Attracting attention and growing a brand are key to developing a company. One way is to use social media as an effective PR and marketing channel, sharing the latest announcements from clients that will best position them in the spotlight. However when it comes to social media there is a choice to be made – do you take the paid or organic route?

There are benefits to both. Small businesses often have to compete with large multinational companies. These have a wide, established reach and a satisfied audience. Breaking into this market is difficult enough from a PR perspective, let alone social media. Paid can be the answer here.

However, meaningful messaging is often more important than follower numbers. Hitting the right note with an audience and consistently delivering content that will actually be returned to and engaged with can have a better impact on sales than paid can achieve. Here, organic growth is the answer.

Paying for followers
Paid advertising is an immensely powerful tool – especially on LinkedIn, where you can target an audience. A little bit of funding goes a long way, giving social media teams a helping hand in competing with larger, well-established companies. Follower numbers grow quickly and many platforms allow businesses to jot down lists of contacts that will then help out the sales team. It seems to be a no-brainer.

The process is attractive and almost addictive, especially for those who have been trying the organic route for years.

Is there even a point to organic?
Building a Twitter or other social following from the ground up is a challenge – anyone who has tried it can attest to the often complicated process of creating interesting content, following the right people and pushing handles everywhere possible. It can at times feel like begging for an audience to listen to you.

However, by taking away the shortcut of paid, an interesting dynamic is created between follower and company. Check most generic company Twitter accounts that boast millions of followers and you’ll quickly notice they get five or six retweets and a handful of likes per post – who is listening to their content if not their masses of fans? Head to a small, hand picked company Twitter account and you’ll see similar – if not more – engagement.

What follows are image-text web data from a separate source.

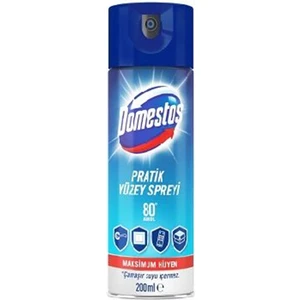 Pratik Çok Amaçlı Yüzey Temizleyici Sprey 200 ml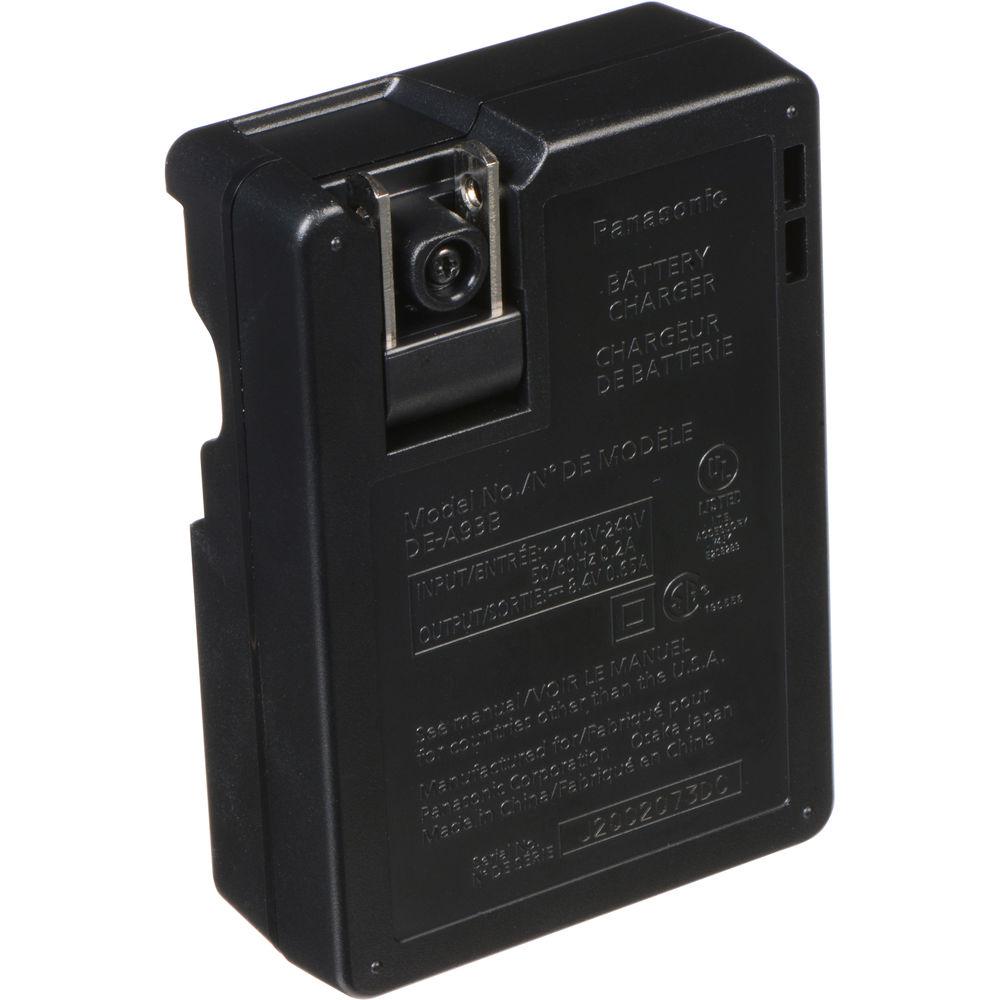 Panasonic DE-A93BB Battery Charger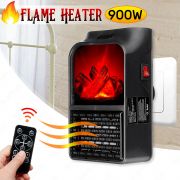 Мини 3D обогреватель «Flame Heater»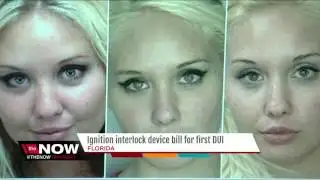 Ignition interlock device bill would force drivers to prove they are sober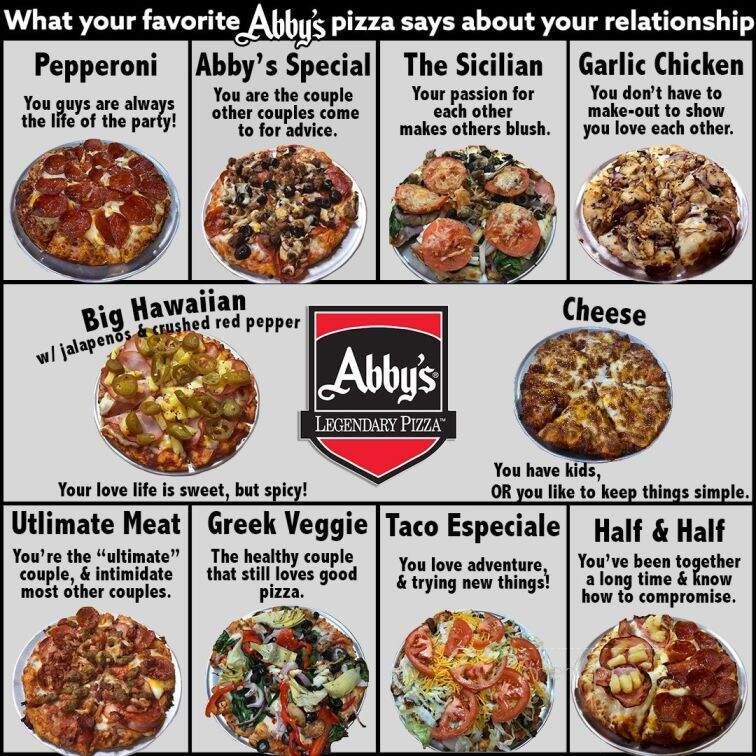 Abby's Legendary Pizza - Winston, OR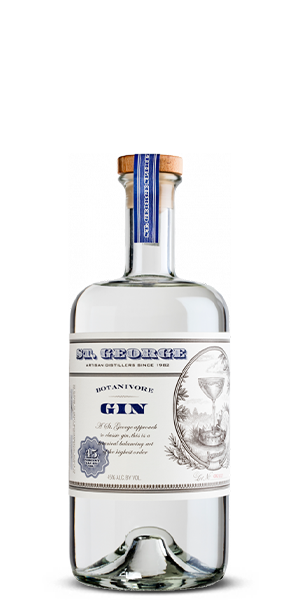 St. George Botanivore Gin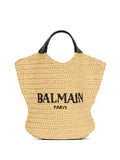 Natural Logo Mini Tote 1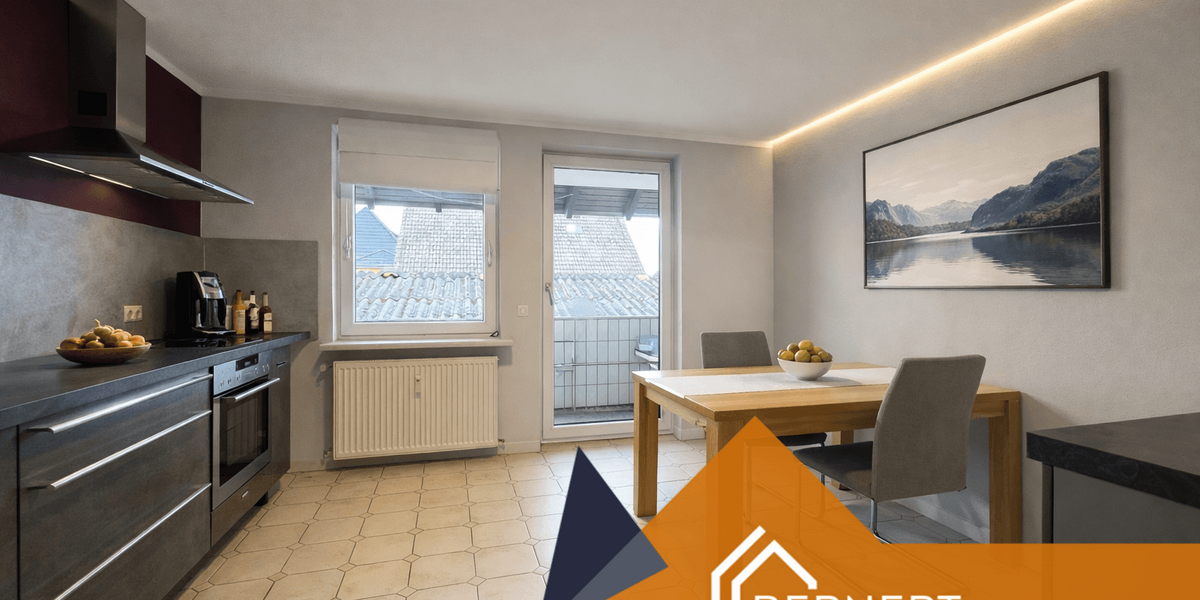 Etagenwohnung Michelau in Oberfranken - 3.5 Zimmer, 115 m&sup2;, 950&euro; | Angebot:23664827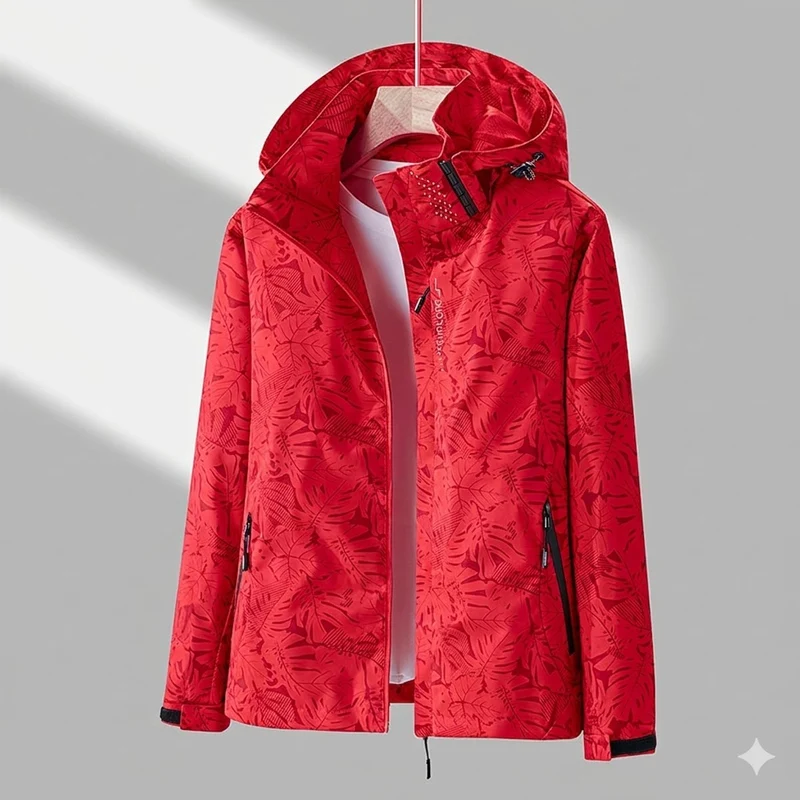 Harper | Warm and Reliable Waterproof Jacket for Winter Adventures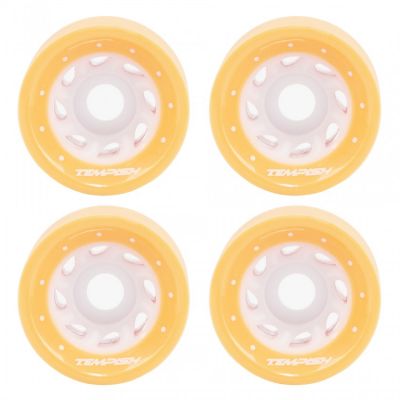 2. TEMPISH Quad PU wheels 57x38 90A
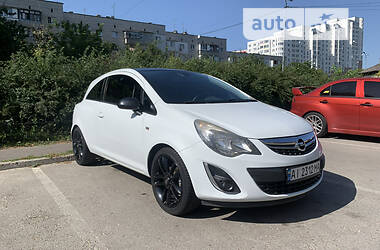 Купе Opel Corsa 2014 в 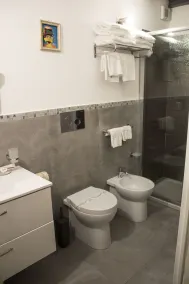 Aretusa Vacanze B&B - Salle de bain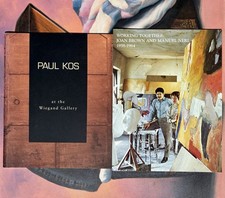 SF Bay Area Art Catalog Lot 2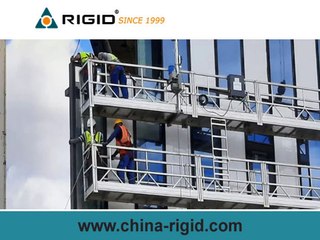 Mastering Heights: Your Trusted Suspended Platform Exporter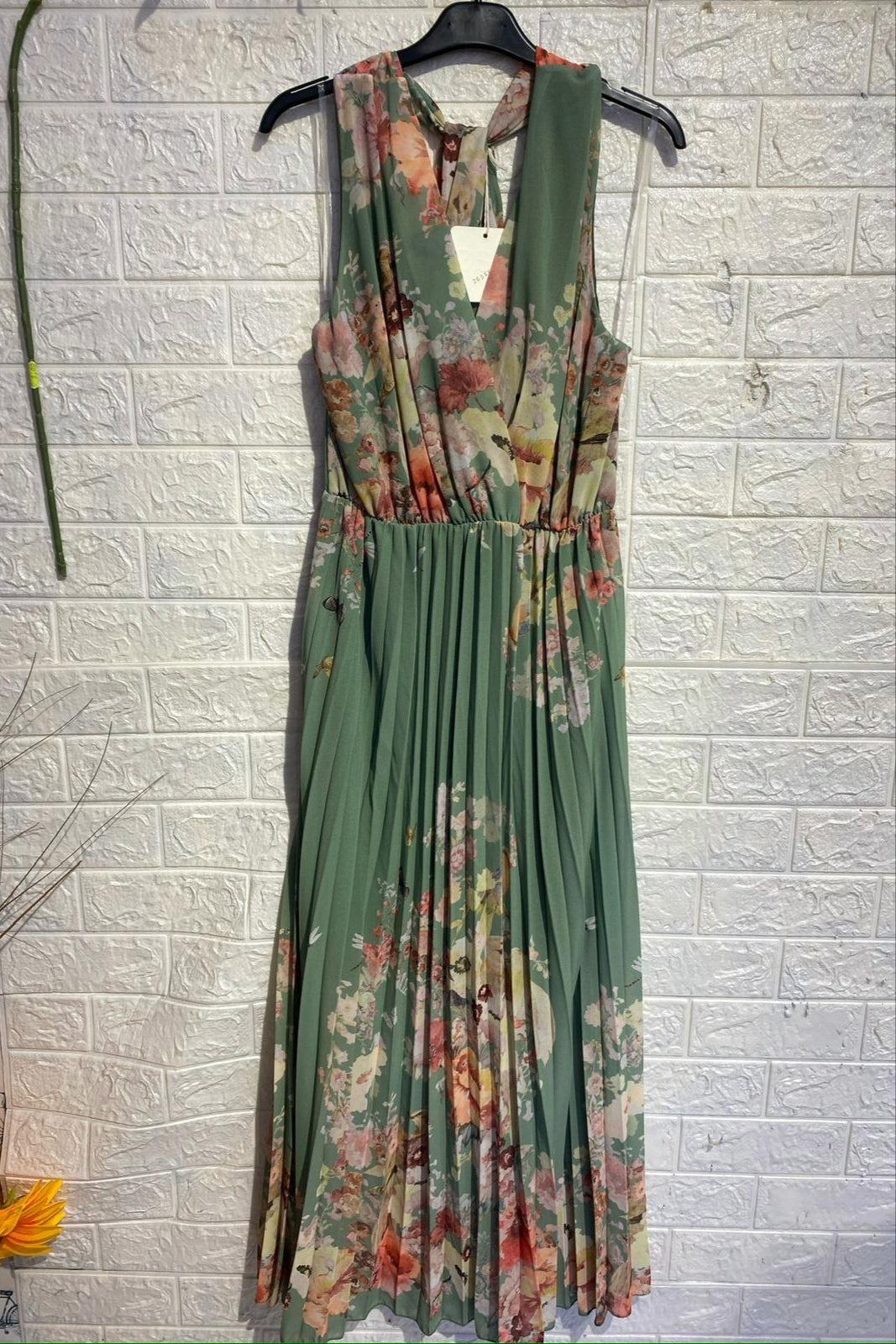 Dress Plissè
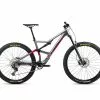 BICICLETA MONTAÑA DOBLE SUSPENSIÓN TRAIL ORBEA OCCAM H30 20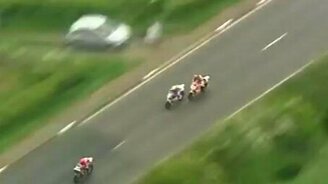 Камикадзе на мотоциклах - смотреть видео (8:01)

Organic growth means that the people who follow an account actually care about the content being put out.

Speaking of content – removing the shortcut of paid creates a quality requirement. If what is being posted isn’t good enough and fails to attract an audience, there is no other way that account is going to grow. We recently completed a campaign for World IP Day, sharing one Tweet per hour that celebrated a leading woman innovator. With videos, blogs, social cards and more, the client’s organic following ate up and re-shared this content with abandon. A lack of paid required a new approach – one that put the company in the spotlight.

So what company are you?
There is something to be said for getting a message out to as many people as quickly as possible, and nothing will do that better than paid. Unless, of course, the social media team can come up with a cracking, one-of-a-kind campaign. Again: it all depends on time, money and available resources.

The choice your company needs to make is whether they value large follower numbers and a wide reach more than a core, hand-picked group of followers that actually care. The choice is yours, but we advocate a mix, with an emphasis on organic. This way, when it’s time to boost a campaign, core followers are there to actively share and promote the content, encouraging a wider audience to participate. It’s a win-win situation that effectively builds on the strengths of both approaches.